→ WHAT THIS TASK INVOLVES: Please return the lines below verbatim, beginning at the one that has "NothingProjector OpenAir Series" and stopping after the one that has "NWT Anne Cole", and add no other lines.

#### DATA FOR THE TASK

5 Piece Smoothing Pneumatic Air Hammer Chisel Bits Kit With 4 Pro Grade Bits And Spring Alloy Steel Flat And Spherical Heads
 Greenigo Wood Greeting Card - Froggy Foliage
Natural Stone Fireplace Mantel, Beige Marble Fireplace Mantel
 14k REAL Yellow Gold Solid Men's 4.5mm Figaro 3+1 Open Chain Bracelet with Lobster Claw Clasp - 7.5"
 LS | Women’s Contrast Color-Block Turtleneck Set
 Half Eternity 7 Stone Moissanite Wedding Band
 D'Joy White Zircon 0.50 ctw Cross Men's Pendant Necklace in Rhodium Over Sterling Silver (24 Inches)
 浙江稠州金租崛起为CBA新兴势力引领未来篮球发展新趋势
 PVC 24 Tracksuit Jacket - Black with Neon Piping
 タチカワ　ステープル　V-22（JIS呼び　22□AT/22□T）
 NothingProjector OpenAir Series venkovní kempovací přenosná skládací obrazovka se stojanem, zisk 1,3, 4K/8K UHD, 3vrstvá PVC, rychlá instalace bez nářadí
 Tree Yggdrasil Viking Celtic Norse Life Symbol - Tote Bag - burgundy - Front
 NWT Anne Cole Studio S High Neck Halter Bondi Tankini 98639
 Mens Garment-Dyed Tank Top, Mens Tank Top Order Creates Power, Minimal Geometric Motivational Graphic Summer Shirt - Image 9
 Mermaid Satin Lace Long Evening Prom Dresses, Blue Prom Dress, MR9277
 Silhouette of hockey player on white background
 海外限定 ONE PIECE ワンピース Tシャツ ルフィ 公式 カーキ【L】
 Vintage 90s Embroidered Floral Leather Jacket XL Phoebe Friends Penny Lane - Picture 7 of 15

########

→ ANSWER BELOW:
 NothingProjector OpenAir Series venkovní kempovací přenosná skládací obrazovka se stojanem, zisk 1,3, 4K/8K UHD, 3vrstvá PVC, rychlá instalace bez nářadí
 Tree Yggdrasil Viking Celtic Norse Life Symbol - Tote Bag - burgundy - Front
 NWT Anne Cole Studio S High Neck Halter Bondi Tankini 98639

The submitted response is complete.